Specialmente nel brano del Vangelo possiamo riflettere che la conversione in se è importante se la strada è quella della fede nel vangelo, cioè nella Salvezza che diverrà evidente ed operativa in Gesù, con la sua Passione, Morte e Resurrezione. Nella chiamata dei primi discepoli, dobbiamo anche sottolineare che convertirsi al Vangelo non vuol dire necessariamente “ravvedersi” e cambiare strada da una condotta malvagia (i discepoli erano infatti tutti Ebrei, onesti lavoratori, osservanti dei doveri familiari) ma prendere con decisione una strada migliore di quella seguita sino ad un dato momento, mettersi alla sequela di qualcuno che è molto più importante di qualsiasi altra cosa buona che possiamo aver ricevuto o costruito durante una vita onesta ed altrettanto buona, fermo restando, comunque, una decisa e ferma rinuncia al male ed al peccato.
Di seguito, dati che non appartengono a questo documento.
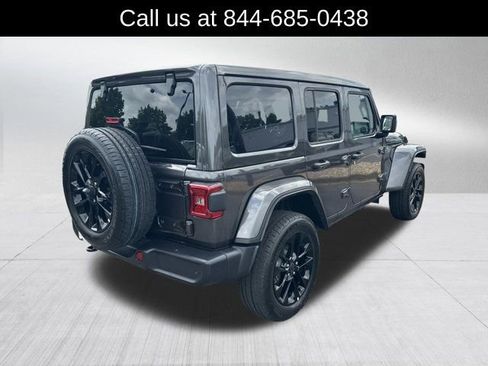 Certified 2025 Jeep Wrangler Unlimited Sahara w/ Safety Group AWD/4WD image 5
Nella conversione dell’essere umano a Dio, alla sua salvezza, le differenze fra “buoni e cattivi” prima della conversione si annullano – la vita e la conversione di san Paolo insegnano -, e questo annullamento, oblio di ogni male, ma anche di ogni bene precedente, ci da le dimensioni dell’importanza del Vangelo, della fede, ma sopratutto della conversione ad esso: coloro che veramente si decidono e si convertono al Vangelo capiscono di aver trovato l’unica cosa che conta nella vita, il tesoro per cui vale la pena vendere tutto e comprare addirittura il campo dove è sepolto; capiscono d aver trovato la “perla preziosa” per cui vale la pena vendere tutti gli altri beni per averla. Un vero “convertito” entra in una dimensione nuova e totalizzante della sua vita, non interessano più le “cose di prima” ma le “cose nuove” fatte da Colui di cui ci mettiamo alla sequela.
Un conoscente, che reputo un simpatico amico, ma un poco indeciso sulla fede e sul Vangelo, pur essendo un battezzato, ma scarsamente praticante, recentemente mi ha posto questa domanda: “…in fondo, io, che non faccio male a nessuno, non rubo, non uccido e se posso fare del bene lo faccio, anche se ho i miei “peccatucci”, posso sperare che Gesù mi porterà con se quando morirò?”. Ho potuto solo rispondergli: “Gesù vuole sicuramente che tu vada con Lui! E dopo quello che Egli ha pagato per salvarci posso assicurartelo, ma la domanda vera è: se hai capito che andare con Gesù nella vita eterna è una cosa assolutamente importante, altrimenti non mi avresti fatto la domanda, e che per questo hai ricevuto la fede ed il Battesimo, sei disposto a perseverare su questa strada già adesso? Cos’è che ti impedisce di lasciare i tuoi peccatucci?”